- [Your assignment] Make a word-for-word copy of the entries below from their first line through the line with "Solid Wood Engraved", and add nothing.

- [Dataset entries]
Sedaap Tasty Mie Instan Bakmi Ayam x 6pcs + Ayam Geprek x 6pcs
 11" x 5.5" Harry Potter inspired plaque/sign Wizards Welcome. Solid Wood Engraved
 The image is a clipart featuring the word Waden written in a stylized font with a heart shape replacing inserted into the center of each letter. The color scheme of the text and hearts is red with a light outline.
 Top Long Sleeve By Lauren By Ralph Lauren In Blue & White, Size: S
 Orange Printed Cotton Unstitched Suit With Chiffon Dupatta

- [Problem solution]
Sedaap Tasty Mie Instan Bakmi Ayam x 6pcs + Ayam Geprek x 6pcs
 11" x 5.5" Harry Potter inspired plaque/sign Wizards Welcome. Solid Wood Engraved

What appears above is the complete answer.